# WORK TO BE COMPLETED
For the data below, give again exactly the lines from the one containing "Adidas Sneakers" through the one containing "KALINI Floral Printed", both ends included, and no others.

# TASK MATERIAL
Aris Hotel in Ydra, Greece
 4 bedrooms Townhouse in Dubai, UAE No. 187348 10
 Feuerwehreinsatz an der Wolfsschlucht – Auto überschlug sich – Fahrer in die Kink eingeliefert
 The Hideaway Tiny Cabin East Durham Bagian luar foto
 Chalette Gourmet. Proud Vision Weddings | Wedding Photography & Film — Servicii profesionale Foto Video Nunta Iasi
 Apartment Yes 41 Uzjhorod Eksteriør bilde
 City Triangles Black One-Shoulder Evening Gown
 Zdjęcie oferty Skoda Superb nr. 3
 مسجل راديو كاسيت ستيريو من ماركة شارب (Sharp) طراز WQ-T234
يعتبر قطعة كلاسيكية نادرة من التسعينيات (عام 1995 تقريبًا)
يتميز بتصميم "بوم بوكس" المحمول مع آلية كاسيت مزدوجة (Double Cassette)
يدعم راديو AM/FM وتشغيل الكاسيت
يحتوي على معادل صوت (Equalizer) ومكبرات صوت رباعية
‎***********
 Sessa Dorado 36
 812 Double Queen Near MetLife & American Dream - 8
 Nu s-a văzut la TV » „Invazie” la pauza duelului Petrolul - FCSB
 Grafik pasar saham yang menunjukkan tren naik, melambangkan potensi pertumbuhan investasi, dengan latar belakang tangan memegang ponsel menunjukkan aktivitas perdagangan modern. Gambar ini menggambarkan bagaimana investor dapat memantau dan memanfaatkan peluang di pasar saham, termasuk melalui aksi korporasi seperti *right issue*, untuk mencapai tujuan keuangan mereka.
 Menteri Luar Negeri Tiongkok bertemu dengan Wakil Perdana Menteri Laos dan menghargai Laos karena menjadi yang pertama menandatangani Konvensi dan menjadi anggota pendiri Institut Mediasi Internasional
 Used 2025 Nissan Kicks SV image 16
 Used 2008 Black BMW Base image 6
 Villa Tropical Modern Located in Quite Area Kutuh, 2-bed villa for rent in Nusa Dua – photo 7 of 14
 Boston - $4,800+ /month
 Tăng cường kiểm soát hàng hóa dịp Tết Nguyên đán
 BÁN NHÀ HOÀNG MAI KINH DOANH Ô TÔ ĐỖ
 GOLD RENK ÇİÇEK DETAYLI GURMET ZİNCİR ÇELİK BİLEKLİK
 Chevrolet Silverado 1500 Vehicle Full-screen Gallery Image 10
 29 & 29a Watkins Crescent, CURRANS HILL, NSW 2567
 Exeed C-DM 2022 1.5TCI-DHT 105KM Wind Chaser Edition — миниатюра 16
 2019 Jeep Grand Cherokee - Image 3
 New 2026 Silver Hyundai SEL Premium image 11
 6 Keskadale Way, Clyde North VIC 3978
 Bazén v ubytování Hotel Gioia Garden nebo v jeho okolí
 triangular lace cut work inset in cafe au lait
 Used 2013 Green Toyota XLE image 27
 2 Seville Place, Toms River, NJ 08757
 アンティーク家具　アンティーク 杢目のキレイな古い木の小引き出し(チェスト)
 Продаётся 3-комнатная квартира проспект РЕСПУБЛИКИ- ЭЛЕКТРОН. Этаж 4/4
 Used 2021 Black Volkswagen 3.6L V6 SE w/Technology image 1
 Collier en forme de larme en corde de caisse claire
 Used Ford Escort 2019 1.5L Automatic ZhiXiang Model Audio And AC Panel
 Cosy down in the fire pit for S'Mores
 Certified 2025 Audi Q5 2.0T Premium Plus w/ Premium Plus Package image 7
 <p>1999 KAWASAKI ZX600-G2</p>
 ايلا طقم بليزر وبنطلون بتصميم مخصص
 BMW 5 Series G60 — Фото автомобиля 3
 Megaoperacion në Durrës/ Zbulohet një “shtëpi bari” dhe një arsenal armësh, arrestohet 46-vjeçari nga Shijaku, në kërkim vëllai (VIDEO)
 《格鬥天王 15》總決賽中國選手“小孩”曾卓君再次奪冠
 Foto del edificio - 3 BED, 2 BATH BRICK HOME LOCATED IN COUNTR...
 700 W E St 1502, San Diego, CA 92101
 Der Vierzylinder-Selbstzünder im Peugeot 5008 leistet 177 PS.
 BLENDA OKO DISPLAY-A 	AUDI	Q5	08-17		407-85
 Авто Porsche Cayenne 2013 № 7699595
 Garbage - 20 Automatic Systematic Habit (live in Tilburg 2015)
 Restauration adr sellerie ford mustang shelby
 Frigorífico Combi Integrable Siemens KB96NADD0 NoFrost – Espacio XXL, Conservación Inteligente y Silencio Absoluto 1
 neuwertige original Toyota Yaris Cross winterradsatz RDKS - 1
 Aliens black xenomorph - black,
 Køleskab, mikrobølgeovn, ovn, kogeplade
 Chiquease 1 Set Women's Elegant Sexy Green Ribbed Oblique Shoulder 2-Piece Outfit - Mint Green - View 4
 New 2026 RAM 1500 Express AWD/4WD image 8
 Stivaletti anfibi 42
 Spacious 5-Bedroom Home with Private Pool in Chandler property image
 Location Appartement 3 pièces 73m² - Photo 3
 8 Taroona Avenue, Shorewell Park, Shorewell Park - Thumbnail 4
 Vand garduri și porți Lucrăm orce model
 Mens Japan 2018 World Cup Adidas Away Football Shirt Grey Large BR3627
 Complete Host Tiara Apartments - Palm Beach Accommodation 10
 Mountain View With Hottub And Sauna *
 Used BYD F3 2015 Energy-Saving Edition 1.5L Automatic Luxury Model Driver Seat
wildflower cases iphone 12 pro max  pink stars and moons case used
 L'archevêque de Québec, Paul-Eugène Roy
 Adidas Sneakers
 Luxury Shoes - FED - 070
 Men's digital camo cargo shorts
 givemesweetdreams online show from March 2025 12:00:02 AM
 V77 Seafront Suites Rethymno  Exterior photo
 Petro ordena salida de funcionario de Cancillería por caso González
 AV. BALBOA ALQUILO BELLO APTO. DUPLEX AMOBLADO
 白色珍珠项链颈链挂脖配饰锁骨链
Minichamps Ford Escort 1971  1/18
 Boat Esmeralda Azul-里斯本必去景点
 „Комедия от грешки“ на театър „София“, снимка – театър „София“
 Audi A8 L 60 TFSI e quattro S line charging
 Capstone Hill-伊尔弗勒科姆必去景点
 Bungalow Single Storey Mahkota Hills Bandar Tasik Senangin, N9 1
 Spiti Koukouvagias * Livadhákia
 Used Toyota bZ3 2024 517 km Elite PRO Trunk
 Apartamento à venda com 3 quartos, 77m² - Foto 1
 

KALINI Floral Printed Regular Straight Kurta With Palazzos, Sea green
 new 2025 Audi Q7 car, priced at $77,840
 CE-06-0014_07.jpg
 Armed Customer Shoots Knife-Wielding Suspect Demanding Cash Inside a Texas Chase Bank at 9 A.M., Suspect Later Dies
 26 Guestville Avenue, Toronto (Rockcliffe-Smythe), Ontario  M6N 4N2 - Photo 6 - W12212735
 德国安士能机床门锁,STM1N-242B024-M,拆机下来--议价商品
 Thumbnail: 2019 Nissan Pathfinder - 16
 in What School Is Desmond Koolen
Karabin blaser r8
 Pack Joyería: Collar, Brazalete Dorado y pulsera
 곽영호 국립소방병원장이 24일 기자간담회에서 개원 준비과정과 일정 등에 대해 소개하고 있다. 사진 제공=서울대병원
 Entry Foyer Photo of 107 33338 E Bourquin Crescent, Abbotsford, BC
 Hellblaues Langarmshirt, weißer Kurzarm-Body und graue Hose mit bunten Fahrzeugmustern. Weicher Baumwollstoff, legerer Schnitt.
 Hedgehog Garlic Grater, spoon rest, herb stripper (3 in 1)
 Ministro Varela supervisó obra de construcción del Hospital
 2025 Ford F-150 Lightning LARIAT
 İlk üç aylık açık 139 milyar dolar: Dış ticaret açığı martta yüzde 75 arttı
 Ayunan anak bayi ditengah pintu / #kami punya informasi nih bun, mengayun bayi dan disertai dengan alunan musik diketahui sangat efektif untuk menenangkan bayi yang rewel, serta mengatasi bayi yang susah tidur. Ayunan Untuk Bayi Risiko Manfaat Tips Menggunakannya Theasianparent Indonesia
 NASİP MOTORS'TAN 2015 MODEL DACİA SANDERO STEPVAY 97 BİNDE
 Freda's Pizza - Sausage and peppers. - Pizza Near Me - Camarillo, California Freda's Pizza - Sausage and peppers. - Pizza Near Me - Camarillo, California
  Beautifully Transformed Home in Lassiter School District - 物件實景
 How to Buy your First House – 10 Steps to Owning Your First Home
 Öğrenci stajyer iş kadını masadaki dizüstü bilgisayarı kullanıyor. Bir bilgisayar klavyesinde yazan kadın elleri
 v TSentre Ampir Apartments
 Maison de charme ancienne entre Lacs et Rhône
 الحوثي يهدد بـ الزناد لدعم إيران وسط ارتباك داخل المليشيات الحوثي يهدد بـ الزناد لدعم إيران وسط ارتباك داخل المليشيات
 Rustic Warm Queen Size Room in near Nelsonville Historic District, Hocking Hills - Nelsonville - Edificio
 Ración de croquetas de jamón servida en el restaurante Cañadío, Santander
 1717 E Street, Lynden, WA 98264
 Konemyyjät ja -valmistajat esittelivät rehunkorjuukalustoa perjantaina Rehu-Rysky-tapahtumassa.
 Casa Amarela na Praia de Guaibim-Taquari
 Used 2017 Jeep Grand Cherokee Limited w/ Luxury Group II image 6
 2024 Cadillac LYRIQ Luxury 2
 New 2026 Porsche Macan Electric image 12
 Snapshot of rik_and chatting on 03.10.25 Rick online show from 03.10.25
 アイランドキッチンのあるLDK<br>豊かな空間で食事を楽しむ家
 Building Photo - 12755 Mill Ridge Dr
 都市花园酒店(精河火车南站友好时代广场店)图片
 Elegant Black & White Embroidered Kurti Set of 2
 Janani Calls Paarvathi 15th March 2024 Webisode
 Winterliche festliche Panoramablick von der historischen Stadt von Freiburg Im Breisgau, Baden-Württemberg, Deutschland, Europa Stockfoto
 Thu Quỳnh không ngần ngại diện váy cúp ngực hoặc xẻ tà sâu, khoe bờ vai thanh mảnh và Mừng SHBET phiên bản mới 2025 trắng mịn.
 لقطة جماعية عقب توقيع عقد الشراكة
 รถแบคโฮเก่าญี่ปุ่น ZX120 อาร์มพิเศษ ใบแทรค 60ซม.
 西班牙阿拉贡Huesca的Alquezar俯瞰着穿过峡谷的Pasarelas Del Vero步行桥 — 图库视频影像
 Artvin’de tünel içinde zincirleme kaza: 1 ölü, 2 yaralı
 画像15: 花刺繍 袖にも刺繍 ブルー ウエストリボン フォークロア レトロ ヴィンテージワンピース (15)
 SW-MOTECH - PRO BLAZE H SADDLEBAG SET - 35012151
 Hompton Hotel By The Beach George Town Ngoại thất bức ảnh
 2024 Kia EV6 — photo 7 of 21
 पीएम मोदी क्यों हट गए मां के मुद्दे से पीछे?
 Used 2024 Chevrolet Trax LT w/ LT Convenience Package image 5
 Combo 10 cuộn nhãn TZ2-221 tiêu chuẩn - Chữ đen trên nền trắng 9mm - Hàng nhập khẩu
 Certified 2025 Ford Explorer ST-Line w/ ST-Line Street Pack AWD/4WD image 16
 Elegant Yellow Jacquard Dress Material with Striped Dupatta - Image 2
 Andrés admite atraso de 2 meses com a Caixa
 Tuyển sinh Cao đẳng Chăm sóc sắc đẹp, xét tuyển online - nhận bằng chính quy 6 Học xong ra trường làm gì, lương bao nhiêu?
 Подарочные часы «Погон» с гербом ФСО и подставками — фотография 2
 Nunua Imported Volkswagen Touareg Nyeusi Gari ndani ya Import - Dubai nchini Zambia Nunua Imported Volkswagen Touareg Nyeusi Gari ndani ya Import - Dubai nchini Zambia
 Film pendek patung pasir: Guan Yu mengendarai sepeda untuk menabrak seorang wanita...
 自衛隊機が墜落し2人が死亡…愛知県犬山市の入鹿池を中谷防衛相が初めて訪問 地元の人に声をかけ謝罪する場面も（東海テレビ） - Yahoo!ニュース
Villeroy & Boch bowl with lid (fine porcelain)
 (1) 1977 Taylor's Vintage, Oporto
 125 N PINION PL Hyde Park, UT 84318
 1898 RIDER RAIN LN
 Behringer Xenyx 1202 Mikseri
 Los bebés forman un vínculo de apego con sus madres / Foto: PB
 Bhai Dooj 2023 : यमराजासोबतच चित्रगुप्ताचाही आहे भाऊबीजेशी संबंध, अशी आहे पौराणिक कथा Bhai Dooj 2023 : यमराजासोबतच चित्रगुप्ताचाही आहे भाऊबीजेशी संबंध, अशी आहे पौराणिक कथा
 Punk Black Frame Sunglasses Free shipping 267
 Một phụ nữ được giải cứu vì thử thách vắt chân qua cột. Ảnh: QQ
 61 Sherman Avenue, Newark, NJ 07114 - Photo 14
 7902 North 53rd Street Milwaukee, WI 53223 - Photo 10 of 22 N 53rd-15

# PROBLEM SOLUTION
 Adidas Sneakers
 Luxury Shoes - FED - 070
 Men's digital camo cargo shorts
 givemesweetdreams online show from March 2025 12:00:02 AM
 V77 Seafront Suites Rethymno  Exterior photo
 Petro ordena salida de funcionario de Cancillería por caso González
 AV. BALBOA ALQUILO BELLO APTO. DUPLEX AMOBLADO
 白色珍珠项链颈链挂脖配饰锁骨链
Minichamps Ford Escort 1971  1/18
 Boat Esmeralda Azul-里斯本必去景点
 „Комедия от грешки“ на театър „София“, снимка – театър „София“
 Audi A8 L 60 TFSI e quattro S line charging
 Capstone Hill-伊尔弗勒科姆必去景点
 Bungalow Single Storey Mahkota Hills Bandar Tasik Senangin, N9 1
 Spiti Koukouvagias * Livadhákia
 Used Toyota bZ3 2024 517 km Elite PRO Trunk
 Apartamento à venda com 3 quartos, 77m² - Foto 1
 

KALINI Floral Printed Regular Straight Kurta With Palazzos, Sea green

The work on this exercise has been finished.